Taxi TOPR, czyli jak „turyści” domagają się transportu śmigłowcem z gór
Bezczelność odwiedzających Tatry przekracza niekiedy ludzkie pojęcie. Najlepiej widać to w roszczeniach wobec TOPR, dotyczących wysłania po nich śmigłowca ratunkowego.

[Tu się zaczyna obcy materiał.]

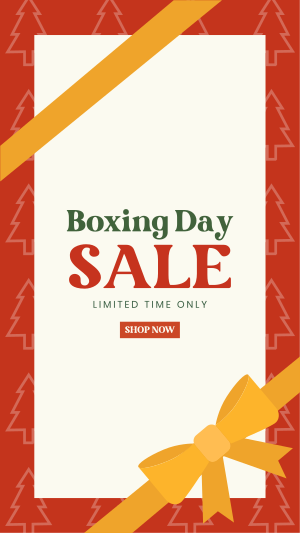 Boxing Day Sale Instagram story Image Preview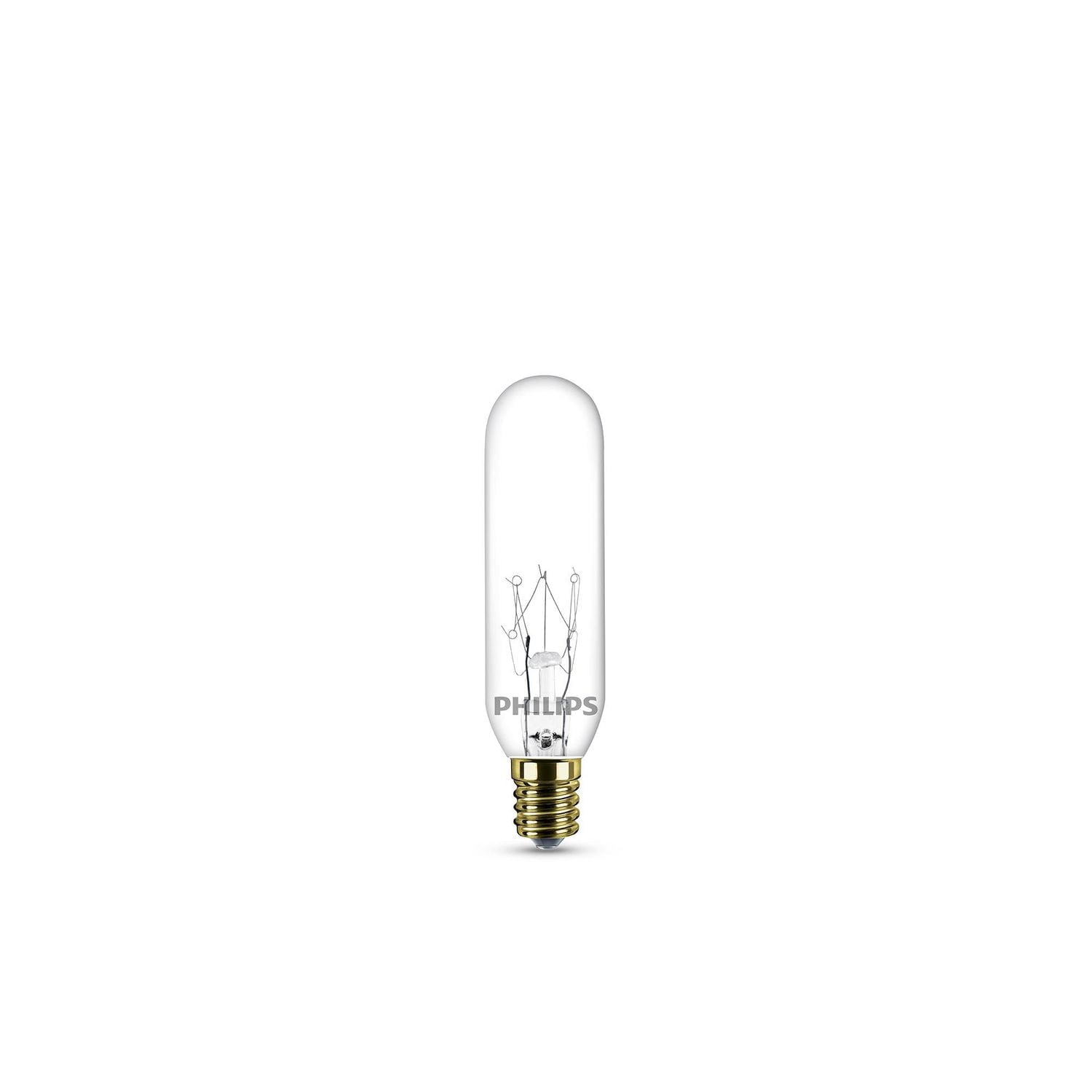 PHILIPS 15W T6 Candelabra Base Exit Sign Light Bulb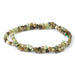 This is a Dakota Stones 4mm Green Garnet Gemstone strand with faceted cube beads in 15-16 inch strand.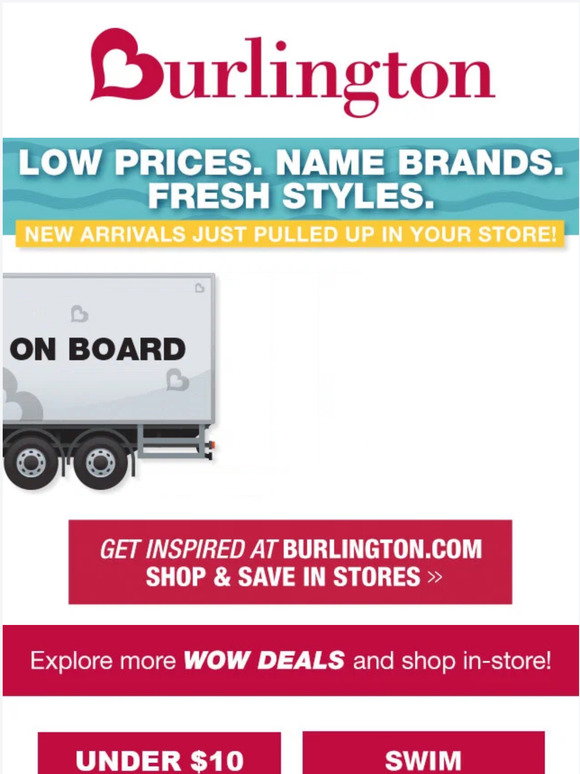 Burlington - Deals. Brands. WOW!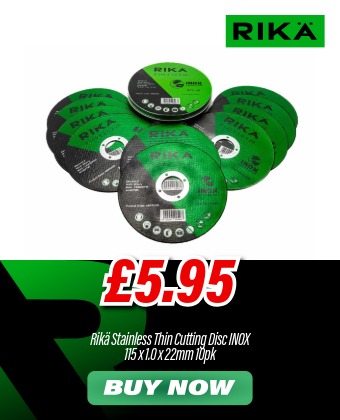 Rikä ABRR008 Stainless Thin Cutting Disc INOX 115 x 1.0 x 22mm 10pk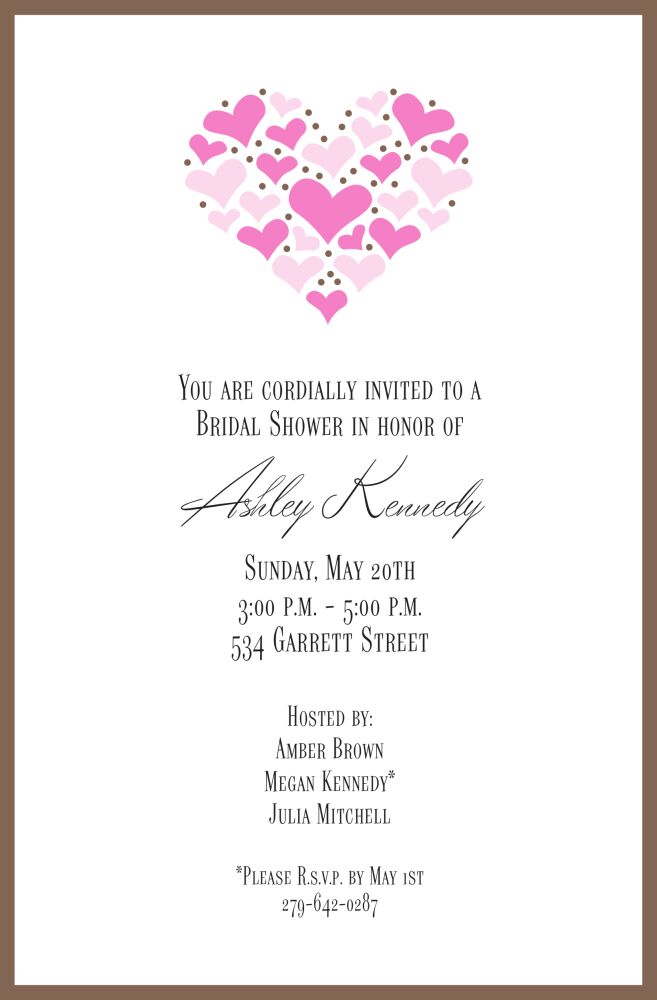 Loveburst Invitation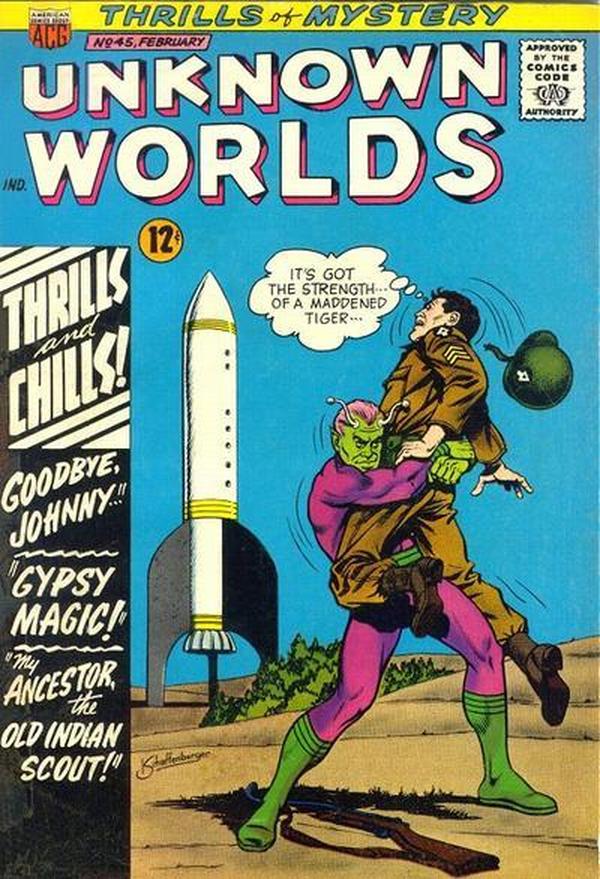 Cover of Unknown Worlds #45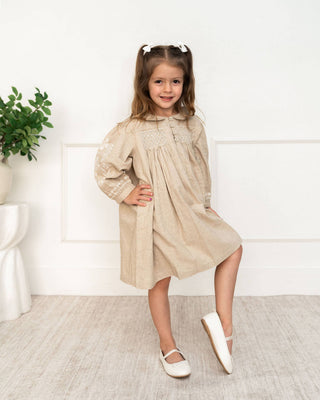 Viverano Organics - Isabel Floral Embroidered Linen Dress (Organic Cotton)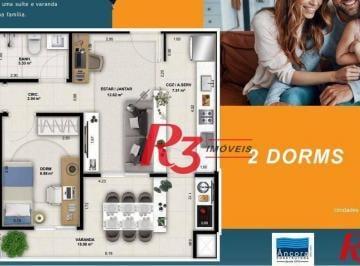 ed9cc8ec94844a684abdc3ea40bbf6d6fe24f218 · Apartamento com 2 dormitórios à venda, 72 m² por R$ 950.000,00 - Encruzilhada - Santos/SP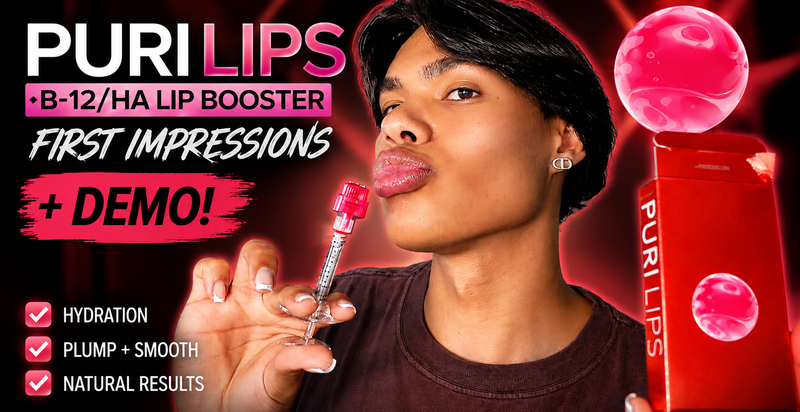 PURI LIPS B-12/HA LIP BOOSTER | FIRST IMPRESSIONS + DEMO 💋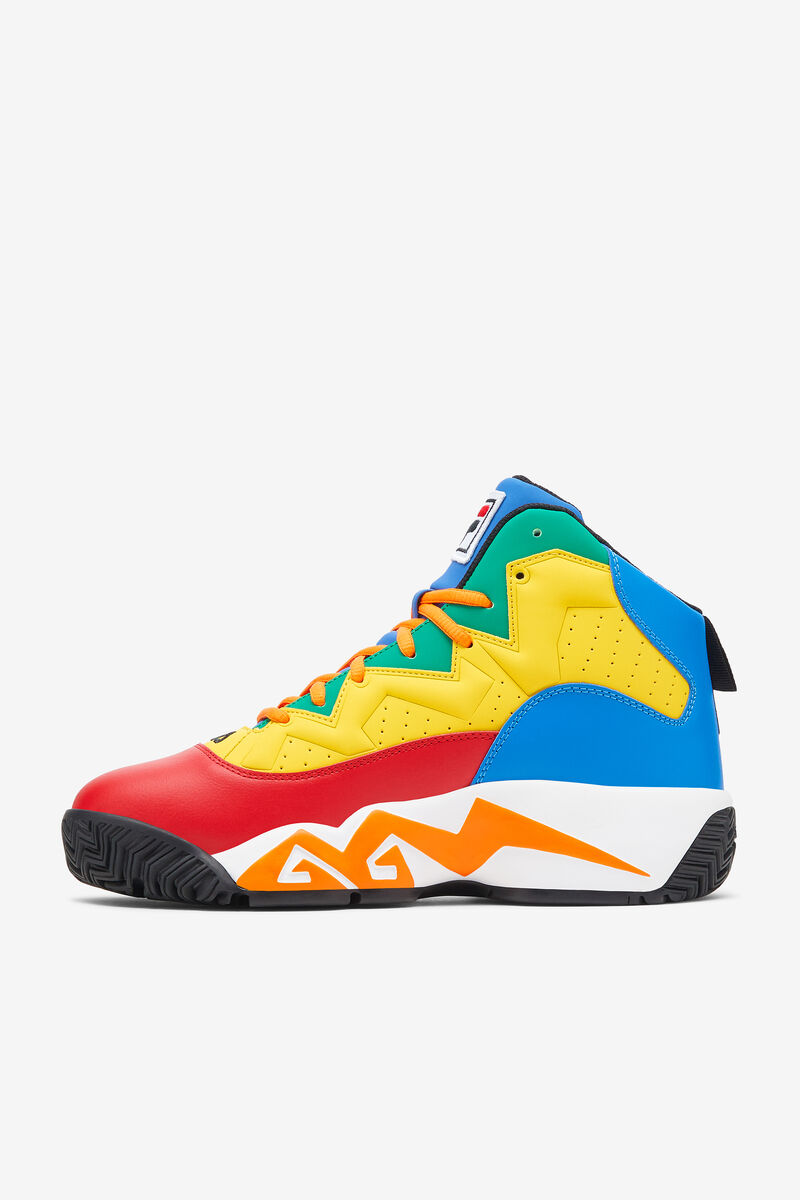 Fila Mb Basketball Shoes | Fila Red / Royal Blue / Lemon | 8EYkUqM4p88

Nie dalej jak wczoraj głośnym echem w mediach odbił się jeden z wpisów w najnowszej kronice TOPR. Ratownicy opisali przykład kobiety, która zmęczyła się wycieczką i żądała od dyspozytora zwiezienia ze…schroniska w Dolinie Kościeliskiej. Gdy ten poinformował, że ratownicy zajęci są poważniejszymi zgłoszeniami, zaczęła wygrażać mu słowami (cytat): „Będzie Pan miał przesrane” (jak nie przyjedzie samochód – przyp. red.). Więcej o tej sytuacji przeczytacie TUTAJ.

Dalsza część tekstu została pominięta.